Hoffentlich eine einmalige Entgleisung: Justizministerin Barleys gefährliche Wissenschaftsschelte.

Katarina Barley. Foto: INSM, CC BY-ND 2.0.

AUSGERECHNET KATARINA BARLEY. Die Nachfolgerin von Heiko Maas gilt unter den Mitarbeitern im Bundesjustizministerium als echter Gewinn: an der Sache interessiert, kenntnisreich, nicht in erster Linie auf den Show-Effekt aus. Umso mehr wundert, ja verstört, wie sich die promovierte Juristin vergangene Woche zur Arbeit von Forschern geäußert hat.

 

Anlass für Barleys Entgleisung war ein Gutachten zur Wohnungspolitik, das der Wissenschaftliche Beirat beim Wirtschaftsministerium vorgelegt hatte und in dem die Forscher den weitgehenden Verzicht auf den sozialen Wohnungsbau und die Streichung der Mietpreisbremse empfahlen. Barleys Kommentar: Es sei "unverantwortlich, wenn Wissenschaftler jetzt gegen den sozialen Wohnungsbau argumentieren und das den Markt regeln lassen wollen". Fragt sich: Von welcher Verantwortung sprach Barley eigentlich? Etwa eine den regierenden Parteien gegenüber?  

 

Und dann belehrte die Barley die Wissenschaftler auch noch: "Jeder weiß, dass der Markt von sich aus nur wenige bezahlbare Wohnungen schafft", sagte die Sozialdemokratin der Rheinischen Post.

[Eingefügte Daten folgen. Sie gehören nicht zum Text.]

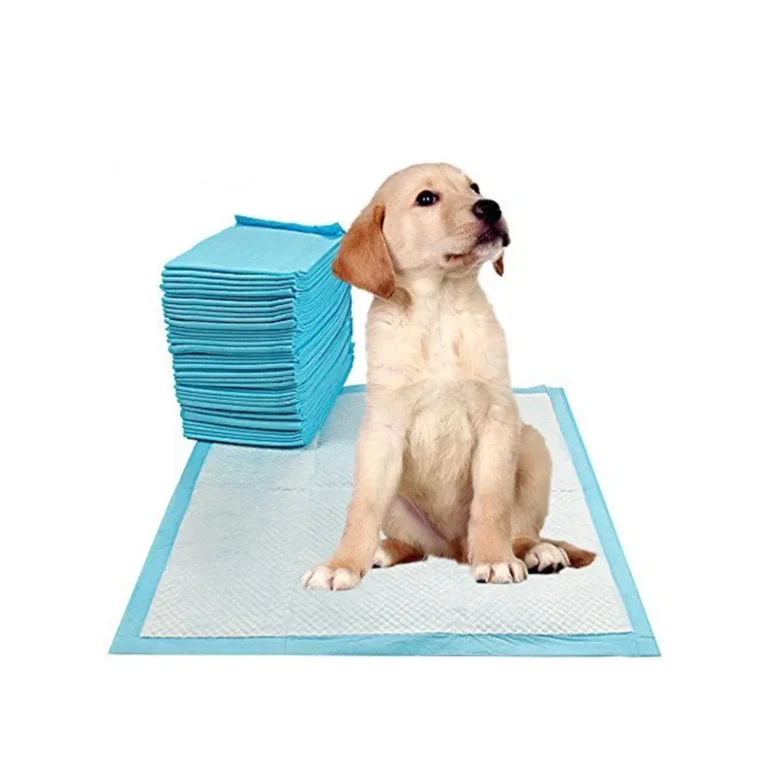 Nedszívó alátét kutyák számára 40 db, 60x60, kék-fehér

Klar, jeder. Nur diese weltfremden Wissenschaftler, die natürlich nicht.

 

Anfang dieser Woche bekam die Justizministerin Unterstützung von Finanzminister Olaf Scholz (ebenfalls SPD). Was die Wissenschaftler geschrieben hätte, sei "alles Quatsch" und "großer Kokolores", sagte Scholz der FAZ (leider nicht online).

 

Keine Frage: Auch amtierende Bundesminister haben das Recht auf eigene, auch auf zugespitzte Meinungen. Die müssen nicht mit der von Wissenschaftlern übereinstimmen, im Gegenteil: Gerade aus dem inhaltlichen Streit können auf allen Seiten neue Erkenntnisse wachsen. Doch wenn Mitglieder der Bundesregierung die Arbeit von Wissenschaftlern so respektlos herabwürdigen, wenn sie wissenschaftliche Erkenntnis mal schnell mit einem populistischen "Jeder weiß..." zu relativieren versuchen, dann spricht daraus nicht nur eine schwer erträgliche Distanz von Politikern zur Wissenschaft. Dann leisten sie der sonst auch von ihnen rhetorisch verurteilten Wissenschaftsfeindlichkeit Vorschub. Es bleibt zu hoffen, dass zumindest Justizministerin Barley ihre Worte inzwischen leidtun.

 

Noch ein Wort zum Thema Verantwortung. Wissenschaftler erfüllen ihre Verantwortung, wenn sie frei forschen und denken und keine Angst haben, aus beidem unbequeme Schlussfolgerungen zu ziehen. Regierungspolitiker tun ihre Pflicht, wenn sie die Legitimation von Wissenschaftlern schützen und nicht um kurzfristiger politischer Geländegewinne willen in Frage stellen.

 

Dieser Kommentar erschien heute zuerst im ZEITChancen Brief. 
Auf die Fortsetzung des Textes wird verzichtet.